As demonstrated by the following discussion, because the record before the court after discovery conclusively demonstrates that Guardian is not a party to the Retired Special Agent Agreement, plaintiff cannot prove an element essential to his claims for reformation of that agreement, and summary judgment in favor of defendant is appropriate.

II. Reformation of the Retired Special Agent Agreement

Plaintiff's two remaining causes of action seek reformation of the Retired Special Agent Agreement based on the allegation that both plaintiff and Guardian entered the Agreement based on a mutual mistake of fact or, alternatively, that plaintiff entered the Agreement based upon "intentional misrepresentations" made by Guardian (Item 10, ¶¶ 50-57).

It has long been the law in New York that the court may order the reformation of a written agreement where, "[i]n a case of mutual mistake, the parties have reached an oral agreement and, unknown to either, the signed writing does not express that agreement," or where, "[in] a case of fraud, the parties have reached agreement and, unknown to one party but known to the other (who has misled the first), the subsequent writing does not properly express that agreement . . . ." Chimart Associates v. Paul, 66 N.Y.2d 570, 573 (1986). To warrant the remedy of contract reformation based on the parties' mutual mistake: the minds of the parties must have met in a contract and in the mistake through which it failed of expression. There being no fraud, the policy cannot be reformed if it expressed the intentions of the defendant only. The mistake which will permit a court of equity to reform a contract in writing in the absence of fraud must be one made by both parties to the agreement so that the intentions of neither are expressed in it. The mistake or each mistake must be shared in by both parties. The courts cannot compel the defendant, or any party, to enter into or be bound by a contract which it never made. Salomon v. North British & Mercantile Ins. Co. of New York, 215 N.Y. 214, 219 (1915).

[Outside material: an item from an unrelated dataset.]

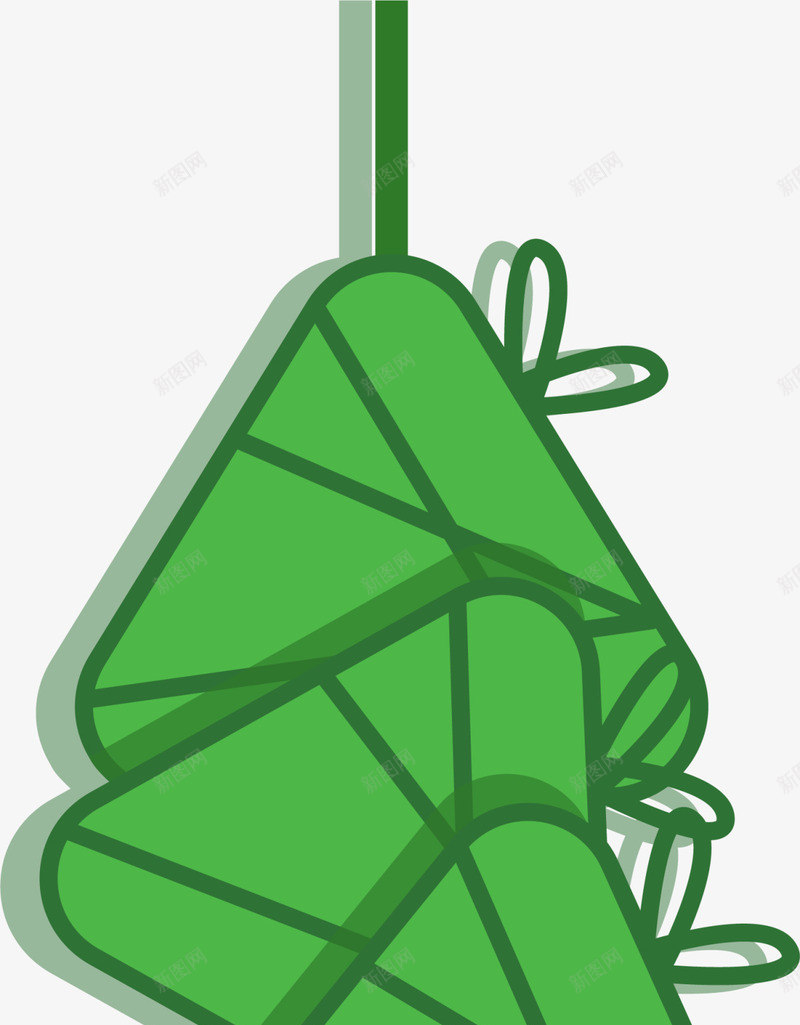 绿色美味粽子挂饰png免抠素材_88icon https://88icon.com 传统节日 农历五月初五 扁平粽子 端午节 粽子挂饰 绿色粽子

Because the remedy of reformation presents the danger "that a party, having agreed to a written contract that turns out to be disadvantageous, will falsely claim the existence of a different, oral contract," Chimart, 66 N.Y.2d at 573, the courts have required the party seeking reformation on the basis of mutual mistake to come forward with clear and convincing evidence showing "in no uncertain terms, not only that [mutual] mistake . . . exists, but exactly what was really agreed upon between the parties." George Backer Mgmt. Corp. v. Acme Quilting Co., 46 N.Y.2d 211, 219 (1978)); see also Collins v. Harrison-Bode, 303 F.3d 429, 435 (2d Cir. 2002). "This evidentiary requirement operates as a weighty caution upon the minds of all judges, and forbids relief whenever the evidence is loose, equivocal or contradictory." Pless v. Cleveland Wrecking Co., 2005 WL 2811814, at *3 (W.D.N.Y. October 27, 2005) (citing Backer, 46 N.Y.2d at 220).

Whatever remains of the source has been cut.